If --stdin is also given, input paths are separated with a NUL
character instead of a linefeed character.
-n, --non-matching
Show given paths which don’t match any pattern. This only makes
sense when --verbose is enabled, otherwise it would not be possible
to distinguish between paths which match a pattern and those which
don’t.
OUTPUT
By default, any of the given pathnames which match an ignore pattern
will be output, one per line. If no pattern matches a given path,
nothing will be output for that path; this means that path will not be
ignored.
If --verbose is specified, the output is a series of lines of the form:
<source> <COLON> <linenum> <COLON> <pattern> <HT> <pathname>
<pathname> is the path of a file being queried, <pattern> is the
matching pattern, <source> is the pattern’s source file, and <linenum>
is the line number of the pattern within that source.
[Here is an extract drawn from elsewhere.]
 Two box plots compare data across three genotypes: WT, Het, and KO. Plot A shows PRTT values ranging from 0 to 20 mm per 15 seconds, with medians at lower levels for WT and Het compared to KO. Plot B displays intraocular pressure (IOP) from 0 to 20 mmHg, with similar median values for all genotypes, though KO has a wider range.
If the pattern
contained a ! prefix or / suffix, it will be preserved in the output.
<source> will be an absolute path when referring to the file configured
by core.excludesfile, or relative to the repository root when referring
to .git/info/exclude or a per-directory exclude file.
If -z is specified, the pathnames in the output are delimited by the
null character; if --verbose is also specified then null characters are
also used instead of colons and hard tabs:
<source> <NULL> <linenum> <NULL> <pattern> <NULL> <pathname> <NULL>
If -n or --non-matching are specified, non-matching pathnames will also
be output, in which case all fields in each output record except for
<pathname> will be empty. This can be useful when running
non-interactively, so that files can be incrementally streamed to STDIN
of a long-running check-ignore process, and for each of these files,
STDOUT will indicate whether that file matched a pattern or not.
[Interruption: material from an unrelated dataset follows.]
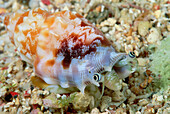 True Conch (Strombus sp) 40 feet deep, Solomon Islands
(Without this option, it would be impossible to tell whether the
absence of output for a given file meant that it didn’t match any
pattern, or that the output hadn’t been generated yet.)
Buffering happens as documented under the GIT_FLUSH option in git(1).
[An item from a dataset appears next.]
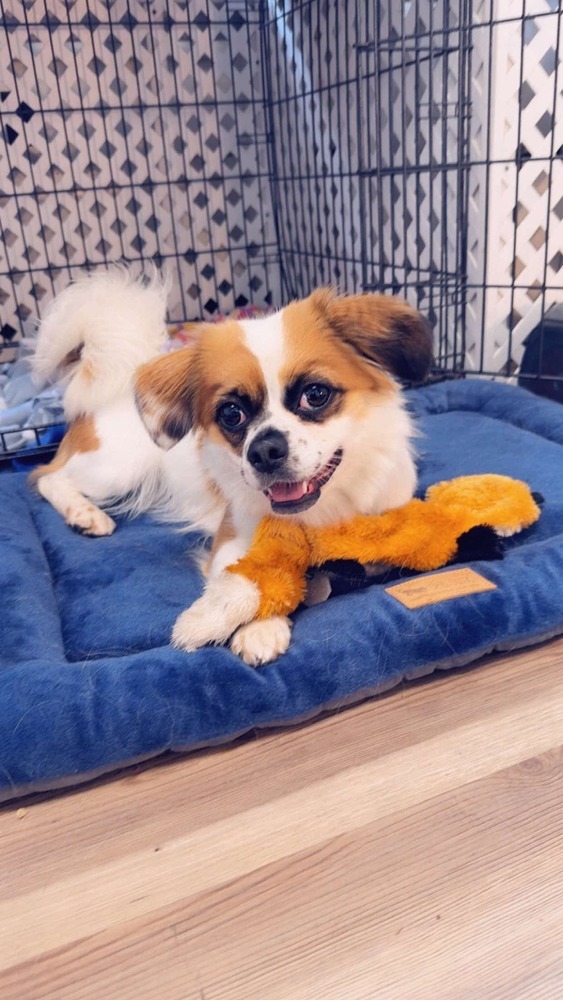 Opal, an adoptable Pekingese in Groveland, MA, 01834 | Photo Image 4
The caller is responsible for avoiding deadlocks caused by overfilling
an input buffer or reading from an empty output buffer.
EXIT STATUS
0
One or more of the provided paths is ignored.
1
None of the provided paths are ignored.
128
A fatal error was encountered.
SEE ALSOgitignore(5)gitconfig(5)git-ls-files(1)GIT
Part of the git(1) suite
Git 1.8.4.5 12/05/2013 GIT-CHECK-IGNORE(1)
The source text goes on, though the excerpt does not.